The language barrier turned out to be more difficult than we
had expected. Almost no one spoke English and the very few who did were
difficult to understand. The situation was saved by a young woman who was
fluent in English: She met us at the hospital entrance and offered her
help.
Her name was Kalina Krumova, and she accompanied us throughout the
small hours of the night and into the morning. We eventually discovered
that at 27 years of age, she was the youngest a member of the Bulgarian
parliament. She was a native of the city of Burgas and hurried there from Sofia
to provide any assistance that she could as soon as she had heard about the
terrorist attack.
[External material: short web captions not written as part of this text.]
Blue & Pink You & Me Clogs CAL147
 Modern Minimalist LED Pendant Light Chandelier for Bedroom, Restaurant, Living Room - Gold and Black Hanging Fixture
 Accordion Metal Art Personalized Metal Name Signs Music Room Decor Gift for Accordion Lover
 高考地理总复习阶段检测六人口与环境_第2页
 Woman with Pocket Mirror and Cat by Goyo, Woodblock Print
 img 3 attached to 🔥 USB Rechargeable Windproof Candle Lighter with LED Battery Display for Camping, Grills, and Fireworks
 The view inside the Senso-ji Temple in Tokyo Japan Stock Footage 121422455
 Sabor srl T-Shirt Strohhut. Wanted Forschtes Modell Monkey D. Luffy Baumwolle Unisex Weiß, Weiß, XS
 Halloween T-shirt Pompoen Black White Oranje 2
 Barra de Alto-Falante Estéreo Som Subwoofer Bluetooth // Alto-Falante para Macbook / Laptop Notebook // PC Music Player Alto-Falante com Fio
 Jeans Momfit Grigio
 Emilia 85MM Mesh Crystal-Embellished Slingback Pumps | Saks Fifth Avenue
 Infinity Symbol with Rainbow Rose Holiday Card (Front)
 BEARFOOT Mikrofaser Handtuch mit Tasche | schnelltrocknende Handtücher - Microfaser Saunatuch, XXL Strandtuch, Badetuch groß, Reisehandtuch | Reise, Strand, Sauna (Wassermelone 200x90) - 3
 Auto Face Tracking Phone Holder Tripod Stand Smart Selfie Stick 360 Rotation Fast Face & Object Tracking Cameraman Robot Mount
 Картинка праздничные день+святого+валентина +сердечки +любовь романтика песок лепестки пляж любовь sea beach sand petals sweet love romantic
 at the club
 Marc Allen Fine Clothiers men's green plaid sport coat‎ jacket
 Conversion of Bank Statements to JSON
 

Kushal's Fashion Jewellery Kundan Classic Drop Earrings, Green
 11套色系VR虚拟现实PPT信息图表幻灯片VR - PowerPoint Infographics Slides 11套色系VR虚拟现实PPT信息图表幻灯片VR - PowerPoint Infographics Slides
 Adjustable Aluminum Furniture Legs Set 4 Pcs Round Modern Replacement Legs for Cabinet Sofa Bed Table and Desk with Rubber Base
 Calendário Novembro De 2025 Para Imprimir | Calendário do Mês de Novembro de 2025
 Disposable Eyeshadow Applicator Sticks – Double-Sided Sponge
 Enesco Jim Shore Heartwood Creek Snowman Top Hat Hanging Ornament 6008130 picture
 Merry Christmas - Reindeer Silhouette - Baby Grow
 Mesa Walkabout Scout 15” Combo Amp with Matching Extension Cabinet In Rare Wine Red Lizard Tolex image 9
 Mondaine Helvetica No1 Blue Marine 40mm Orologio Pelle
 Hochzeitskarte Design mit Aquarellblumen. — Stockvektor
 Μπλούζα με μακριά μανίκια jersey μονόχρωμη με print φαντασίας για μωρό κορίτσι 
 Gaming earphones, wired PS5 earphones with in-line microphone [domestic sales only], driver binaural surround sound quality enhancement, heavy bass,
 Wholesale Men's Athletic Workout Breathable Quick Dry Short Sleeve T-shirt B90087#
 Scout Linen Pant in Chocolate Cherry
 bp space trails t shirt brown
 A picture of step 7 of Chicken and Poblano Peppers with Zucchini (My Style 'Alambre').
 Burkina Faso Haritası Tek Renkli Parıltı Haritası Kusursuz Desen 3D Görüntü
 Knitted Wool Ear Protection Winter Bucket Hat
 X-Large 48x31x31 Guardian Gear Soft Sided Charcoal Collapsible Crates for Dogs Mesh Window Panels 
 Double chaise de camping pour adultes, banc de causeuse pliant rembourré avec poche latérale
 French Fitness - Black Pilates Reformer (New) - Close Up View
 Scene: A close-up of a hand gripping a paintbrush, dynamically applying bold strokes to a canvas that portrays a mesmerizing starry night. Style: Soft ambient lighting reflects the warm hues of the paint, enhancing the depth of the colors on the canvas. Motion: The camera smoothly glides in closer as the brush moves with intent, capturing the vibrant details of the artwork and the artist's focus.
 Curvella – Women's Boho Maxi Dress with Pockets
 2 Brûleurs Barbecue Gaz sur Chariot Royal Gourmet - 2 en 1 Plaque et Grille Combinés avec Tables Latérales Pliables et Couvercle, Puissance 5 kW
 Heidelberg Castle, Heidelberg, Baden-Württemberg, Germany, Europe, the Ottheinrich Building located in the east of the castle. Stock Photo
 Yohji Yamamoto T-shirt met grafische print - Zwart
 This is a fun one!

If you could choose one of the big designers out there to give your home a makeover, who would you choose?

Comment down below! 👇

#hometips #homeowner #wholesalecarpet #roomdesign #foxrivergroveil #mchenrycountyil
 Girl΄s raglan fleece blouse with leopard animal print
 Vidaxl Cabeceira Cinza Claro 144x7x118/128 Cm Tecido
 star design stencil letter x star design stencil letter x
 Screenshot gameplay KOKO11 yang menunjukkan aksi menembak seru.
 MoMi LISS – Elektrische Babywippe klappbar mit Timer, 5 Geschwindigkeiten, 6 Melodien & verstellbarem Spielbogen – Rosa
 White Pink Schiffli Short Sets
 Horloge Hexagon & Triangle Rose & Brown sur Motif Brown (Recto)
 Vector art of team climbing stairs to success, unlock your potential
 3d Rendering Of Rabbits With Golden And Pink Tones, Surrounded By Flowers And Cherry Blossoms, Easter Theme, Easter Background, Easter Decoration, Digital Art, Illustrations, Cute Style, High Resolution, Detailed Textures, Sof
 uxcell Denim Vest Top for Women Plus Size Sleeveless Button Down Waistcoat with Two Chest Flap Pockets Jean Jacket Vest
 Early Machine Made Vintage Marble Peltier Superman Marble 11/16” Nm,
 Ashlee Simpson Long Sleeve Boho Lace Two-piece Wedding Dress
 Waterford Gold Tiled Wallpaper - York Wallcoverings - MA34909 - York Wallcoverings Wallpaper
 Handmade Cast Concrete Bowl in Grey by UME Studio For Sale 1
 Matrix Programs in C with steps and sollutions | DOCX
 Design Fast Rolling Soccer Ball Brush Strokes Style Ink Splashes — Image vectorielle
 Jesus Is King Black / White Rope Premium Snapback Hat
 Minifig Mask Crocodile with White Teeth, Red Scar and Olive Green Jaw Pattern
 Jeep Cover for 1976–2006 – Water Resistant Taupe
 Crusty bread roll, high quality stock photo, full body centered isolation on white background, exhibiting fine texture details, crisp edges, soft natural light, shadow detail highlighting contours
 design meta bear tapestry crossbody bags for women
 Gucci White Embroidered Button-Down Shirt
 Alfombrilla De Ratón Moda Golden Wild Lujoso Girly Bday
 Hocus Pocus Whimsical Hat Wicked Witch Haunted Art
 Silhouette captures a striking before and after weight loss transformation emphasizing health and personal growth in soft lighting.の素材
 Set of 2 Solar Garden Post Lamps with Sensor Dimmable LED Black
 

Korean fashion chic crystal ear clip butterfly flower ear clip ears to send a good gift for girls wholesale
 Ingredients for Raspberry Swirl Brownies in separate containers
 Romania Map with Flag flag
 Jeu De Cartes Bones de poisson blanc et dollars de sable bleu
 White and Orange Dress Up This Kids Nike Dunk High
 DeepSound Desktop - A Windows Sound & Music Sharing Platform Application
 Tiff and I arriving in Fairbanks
She became known in the Israeli media as the “Angel from
Burgas” and, I hope, she will be invited to Israel as an honored guest so that
the nation can thank her for extending her help to the Israeli casualties and to
those of us in the medical delegation.
After we had examined all of the
casualties, we discovered that most of the injuries ranged from mild to moderate
in degree, and that the three severely wounded casualties had already been
evacuated to tertiary hospitals in the capital city by the quick thinking local
medical team.
AT FIRST, the local hospital staff and management were
understandably suspicious and even a little hostile to what they may have
perceived as an “Israeli takeover.”
However, our focused efforts to
dissuade those suspicions started to pay off, and soon there were more and more
smiles all around. We even had some discussions on the management of a
moderately injured victim, a 20-year-old who was hospitalized in their
ICU.
With dawn, a virtual armada of Red Cross ambulances was waiting at
the entrance of the hospital, ready to move patients to the airport, where, in
perfect timing, two Israel Air Force Hercules airplanes had just
landed. Each of the Israeli wounded was escorted from the hospital room
to the ambulance by a MDA paramedic and asked to which hospital in Israel he/she
wished to be sent after landing. This information was channeled to the MDA
control room in Israel so that an ambulance would be waiting to transport
him/her to the designated hospital upon landing in Israel.
The convoy of
ambulances from the hospital in Sofia to the airport was secured by the police,
and two police motorcycles cleared the traffic en route. Large groups of
Bulgarian citizens lined the roads as if they came to salute the Israelis. It
was later reported that many Bulgarians came to the hospital and offered to
donate blood for the Israeli casualties. We are reminded that Bulgaria was one
of the very few countries that resisted the deportation of Jews during World War
II.
At the airport, the experience on the tarmac was both fascinating and
exciting. The sight of the two enormous airplanes surrounded by the Israel Air
Force’s elite 699 Airborne Rescue And Evacuation Unit teams who were busy with
the admission and boarding of the wounded resounds with a national commitment
that knows no bounds. The Bulgarians who were with us in the security zone of
the airport, among them the young parliament member, were surprised at the
lengths to which the State of Israel will go to aid its citizens hit by
terrorism.
They were clearly amazed, touched and appreciative. Three
hours later, the planes were in the air with 34 wounded Israelis – less than 24
hours from the moment they were injured – and in Israeli hands on their way
home.
Dr. Gabi Barbash, the CEO of the Tel Aviv Sourasky Medical Center,
headed the Israeli medical delegation to Burgas.